◆ **Task details**
Please repeat the data below exactly, with the pictures removed.

◆ **Available data**

>>

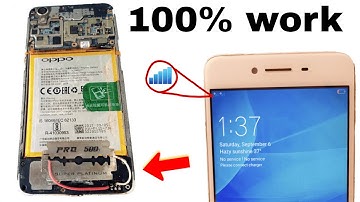 oppo mobile network problem solution || oppo mobile no service problem fix at home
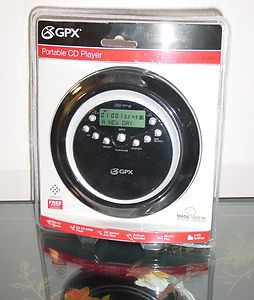 GPX PC800 Portable CD CD RW  w LCD Display Player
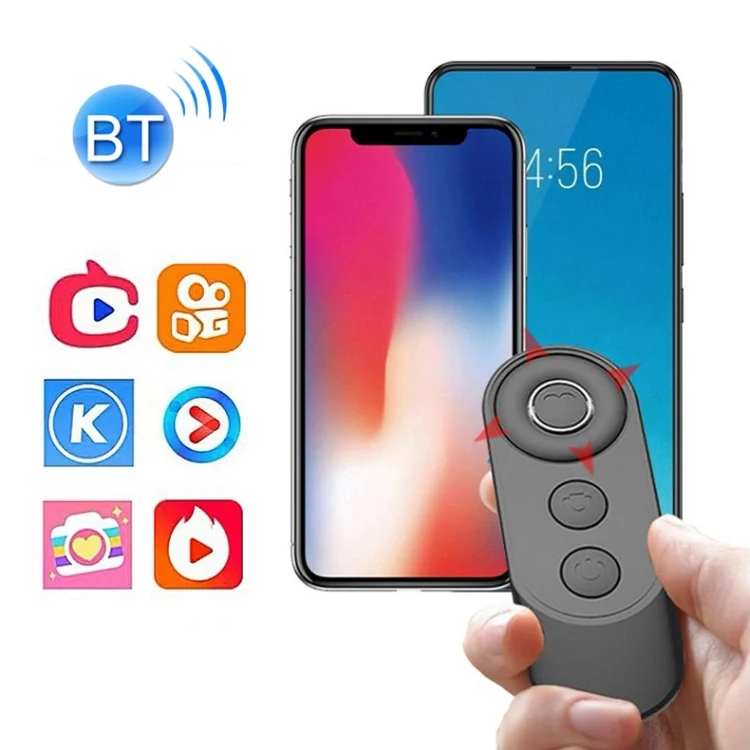 TBD0601960401_B4.webp Mobile Phone Bluetooth Selfie Remote Control, Elegant Black - Image 5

<<

◆ **Answer box**
 oppo mobile network problem solution || oppo mobile no service problem fix at home
 GPX PC800 Portable CD CD RW  w LCD Display Player
 TBD0601960401_B4.webp Mobile Phone Bluetooth Selfie Remote Control, Elegant Black - Image 5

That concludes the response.